Der Niger ist nun nicht gerade ein Land, das für seine musikalische Kultur bekannt ist, vor allem im direkten Vergleich zu seinen Nachbarn Mali und Nigeria. Umso erstaunlicher ist es, welch außergewöhnliche Musik sich in diesem riesigen Flächenstaat, der zum größten Teil aus Sand besteht, entwickelt hat. Diese Band liefert quasi das gesamte musikalische Spektrum der Sahelzone und kombiniert dabei traditionelle Klänge der Bambara, Fulani, Hausa und Songhai mit modernen westlichen Klängen, die aber so perfekt integriert sind, als würden sie schon immer dazu gehören. Manchmal "rockt" diese Musik sogar, wobei man jetzt sicher nicht an klassische Rockmusik anglo-amerikanischer Prägung denken darf. Vielmehr "rockt" das auf seine ganz eigene Art und Weise, wozu vor allem der Einsatz einer E-Gitarre und eines E-Basses beitragen, die zusammen mit allerlei Percussion, darunter auch hier und da eine Talking drum, das rhythmische Fundament legen, das meist aus schnellen und funkigen Rhythmen besteht. Dazu gesellen sich die Lauten Mola und Komsa, eine einsaitige Violine, sowie eine schrille Flöte, die manchmal wie eine Leadgitarre eingesetzt wird.

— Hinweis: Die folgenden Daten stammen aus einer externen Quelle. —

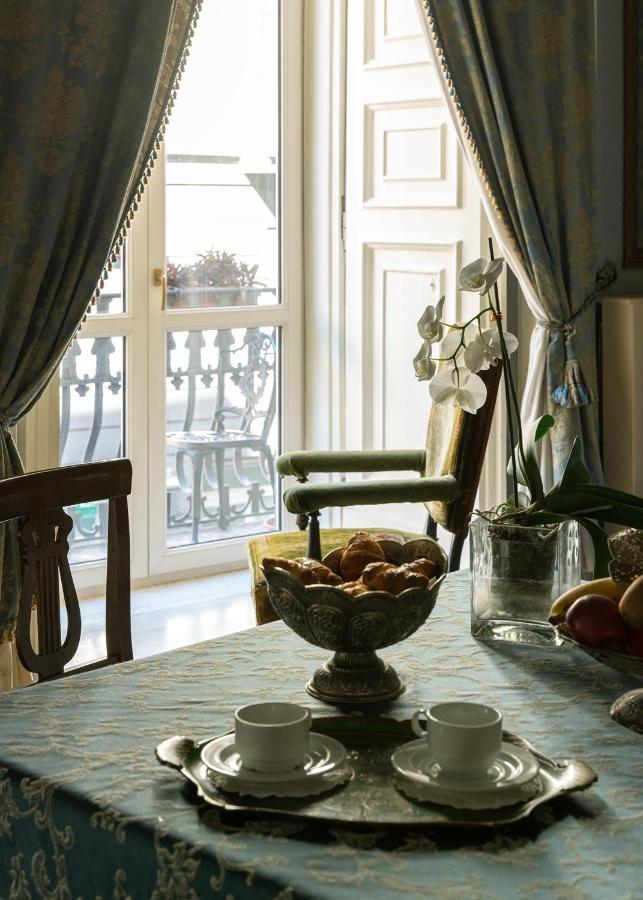 ホテル Carafa Di Maddaloni Residenza Di Charme ナポリ エクステリア 写真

Darüber hinaus bieten die zumeist langen Stücke viel Raum für Abwechslung und Improvisationen und die für die Gegend fast schon üblichen Call and Respone Gesänge, bei denen Frontmann Yacouba Moumouni mit seiner sanften und dennoch auch rauhen Stimme besonders hervorsticht.
Die musikalische Verwandschaft zum Nachbarn Mali und hier insbesondere Ali Farka Toure ist durchaus vorhanden, dennoch haben Mamar Kassey, die sich nach einem Songhai Krieger benannt haben, ihren ganz eigen Stil entwickelt und setzen weit mehr auf vertrackte Rhythmen und weniger auf Blues als dies bei Toure der Fall ist. Dazu kommen hier und da auch nordafrikanische und arabische Einflüsse zum Vorschein.
Produziert wurde dieses außergewöhnliche Album tatsächlich in einem Mobilstudio in Niamey, was man in Anbetracht der guten Qualität der Aufnahme, die auf Produktionsbombast glücklicherweise vollkommen verzichtet, kaum glauben mag.

(World Village /2000)

Donnerstag, 1. Juni 2006

Cheikh Lô - Lamp Fall

Der Titel dieses dritten Albums des senegalesischen Sängers und Multiinstrumentalisten ist nicht etwa englisch sondern der Name eines 100-jährigen Priesters einer islamischen Sekte, der mouridistischen Bruderschaft, der Lô ebenfalls angehört. Einer seiner größten Bewunderer ist übrigens kein Geringerer als Youssou N'Dour, der seinerzeit auch sein Debütalbum 'Ne le thiass' aus dem Jahr 1997 produziert hat und sogar mit ihm auf Tour ging um bewusst in der zweiten Reihe zu stehen. Dadurch erlangte Lô, der schon in den 80er Jahren in Eigenregie Kassetten aufnahm, um sie in den Straßen Dakars zu verkaufen, einen größeren Bekanntheitsgrad und bekam als bester Newcomer einen Kora Award, Afrikas höchste Musikauszeichnung.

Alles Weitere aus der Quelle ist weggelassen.